As Nathanial Frank of Slate wrote, opponents of same-sex “marriage” in 2008 in California and in 2009 in Maine relied on the work of political consultant Frank Shubert to gain referenda victories. Shubert, who also acted as a consultant on the four 2012 state referenda, had “created a deadly ad campaign that played on lingering fears that gay equality threatens kids.” Shubert’s advertisements showed a schoolgirl “cheerfully” announcing after returning home that “she learned in school … that a prince can marry a prince, and she can marry a princess!”
Frank wrote that the gay movement countered such messages in 2012 by “using one of the most sophisticated issue campaign operations ever deployed.” Central to this operation was Freedom to Marry, a group founded in 2003 that analyzed the previous poor tactics of gay advocates, who “had framed their arguments in terms of equal rights and government benefits, often using rhetoric that was confrontational … and demanding.” Given “anti-gay stereotypes,” homosexuals appeared to want “marriage for selfish reasons” and not “to express love and commitment.”

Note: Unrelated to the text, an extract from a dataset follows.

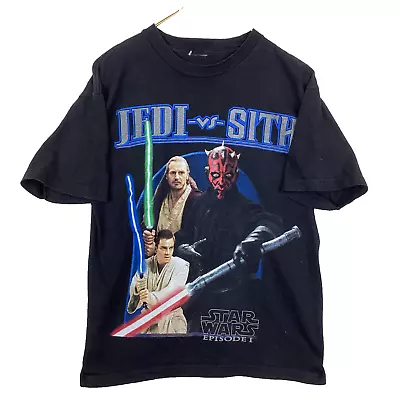 Vintage Star Wars Episode 1 Jedi Vs Sith T-Shirt Medium Black • $42.49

The response in 2011 was the Why Marriage Matters campaign with its masthead message of “love, commitment, family,” and, as Frank noted, “no mention of rights or benefits.” Frank judged this campaign as looking “like any garden-variety public education campaign, a little vague, a little sappy,” yet the “message was the result of several years and millions of dollars of research.” (Moreover, such expenditures continued when same-sex “marriage” advocates outspent proponents of traditional marriage by at least 4-to-1 in this year’s four state referenda campaigns.)
Freedom to Marry’s director of public engagement, Thalia Zapatos, confronted another concern revealed in polling data and promoted in Shubert’s ads, namely that “schools could usurp the role of parents in teaching pro-gay values.” In response, Freedom to Marry and others developed ads with a message, in the words of Frank, that parents “teach their kids values at home.” The takeaway from ads such as one showing a schoolteacher mother talking with her husband about values instruction at home was, “No one would force parents into uncomfortable conversations when their own child returned home from school.”
Frank concluded that winning support for same-sex “marriage” is “about having the right message and imparting it with patience and labor.” This includes “granular information” about different electoral demographics. Research data showed groups like Freedom to Marry that the elderly, for example, “might respond better to older messengers; pet owners might respond better to in-person conversations than to mailings.”